Anything that reduces the amount of electricity required to operate a computing machine of any kind should be utilized ASAP. How many rolling blackouts must sweep over LA before energy-conservation becomes issue #1? I am a layman RE: design & engineering of CPU's. I don't need to be an expert to see the common-sense that is absolutely evident in “asynchronous” architecture. Thank you for an informative article.
John L. Jordan
Dear Mr. Cole,
Your observations are correct:
- Synchronous design is a nonsense, and whoever struggled with equation P=V^2*C*f on chip level knows it.
- Industry will fight better methodology with vengeance.
For some reason, industry has rare talent to embrace the worst solution in sight, make a standard out of it, and support with all brain substituting tools. History repeats itself over and over. One could recall victories of VHS over Beta, or X86 over 68K and so on and so forth.
The only way to alter this regrettable state of affairs is to acquire, or be coerced to acquire great respect for energy. Should salaries be paid in Joules, and should wasting of the energy be punishable by manual cranking of some implement, then the energy per task would regain visibility. In other words, severe energy shortage would do miracle on CPU design, transportation, and almost any other aspect of so called civilized life.
Tadeusz J. Maydell
Sr. Staff Hardware Engineer
I enjoyed your article “Will Self-Timed Asynchronous Logic Rescue CPU Design?”. Of course I am somewhat prejudiced since Theseus is one of the small companies trying to commercialize self-timed asynchronous technology.
With many of the benefits of clockless technology demonstrated in silicon by the large companies such as Intel, Sun, Philips, Sharp etc., through small companies such as Fulcrum and Theseus, to the many university efforts, you might expect this technology to be gathering momentum rapidly as we push into deep sub-micron processes and systems-on-a-chip.
This is clearly not happening as fast as we would like and I think you summarized the issue very well in that it is an infrastructure support problem. Theseus has been trying to get around this by developing a design methodology based on the use of commercial EDA tools. Currently we use VHDL design capture, Synopsys Design Compiler for synthesis and optimization, and Cadence Ensemble for place and route. This gives us a robust design methodology, but we cannot use many of the Design Compiler optimization rules because they introduce delay sensitivities into the resulting circuits. This then leads to your chicken-or-egg problem with the EDA companies, and so far we have not been able to get much help in modifying the tools to support our design approach.

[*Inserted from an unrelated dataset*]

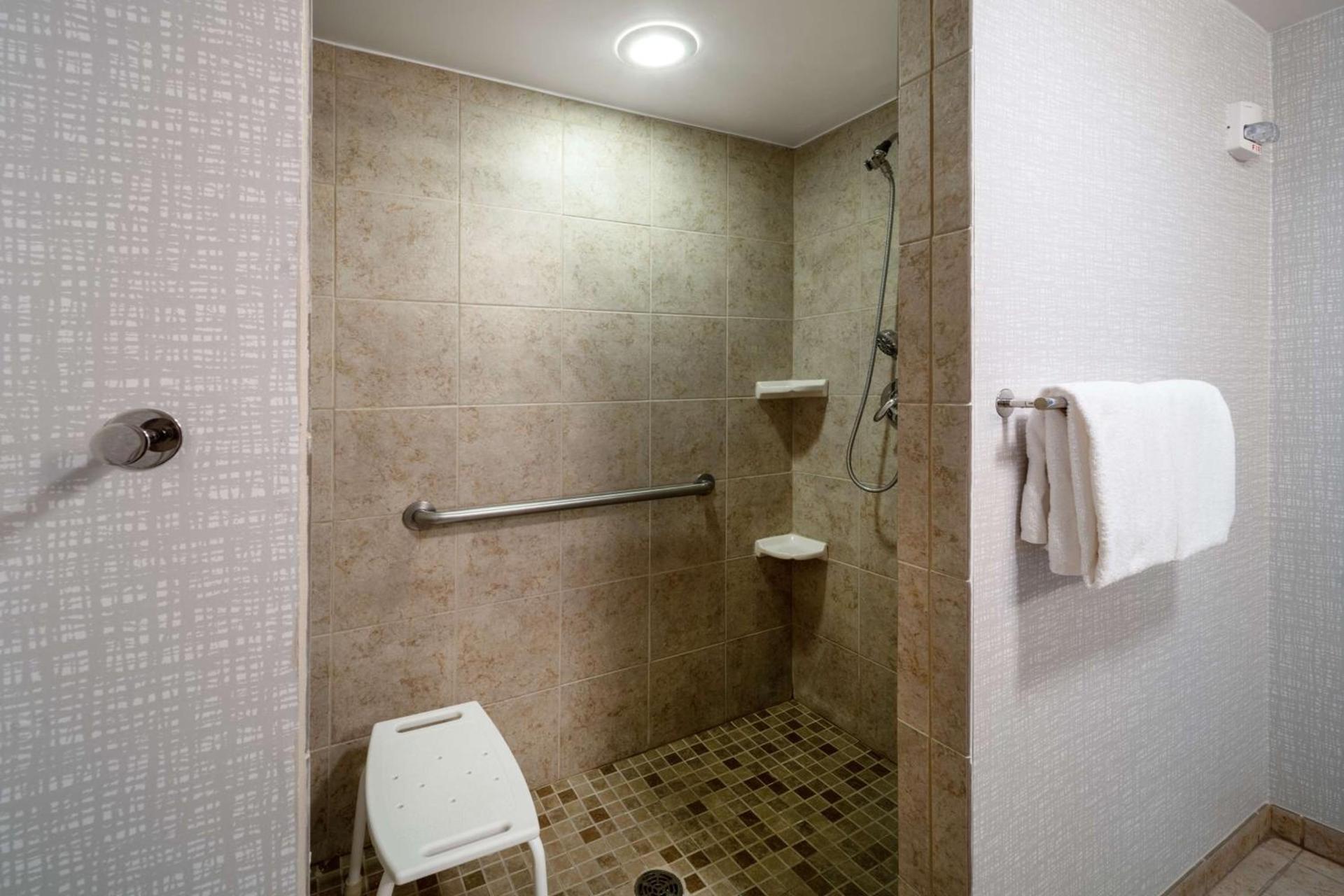 Hampton Inn & Suites Salida, CO photo 11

I would be interested to know what feedback you received on your hypothesis. Do people in general agree with your assessment, or are there other reasons for the reluctance of designers to use a self-timed design style?
One of the areas we (DARPA) have been considering to support the DoD needs in advanced ICs is asynchronous logic. It is my belief that while Intel et. al. may be able to continue to use existing chip design technologies because of the large amount of design resources available to them, the DoD community will not be so lucky.
Given limited resources and complex problems (a radar DSP task has got to be a lot harder problem than a cell phone DSP!), if techniques that allow much more efficient and shorter design cycles are not developed, the DoD technology base will stall at essentially <2005 level. The design problem is critical, but it sure would be nice to have lower power too. And, maybe if we did not have to contend with a giant EMI spike from the clock, maybe we could make more sensitive RF SoCs to detect the bad guys even more effectively.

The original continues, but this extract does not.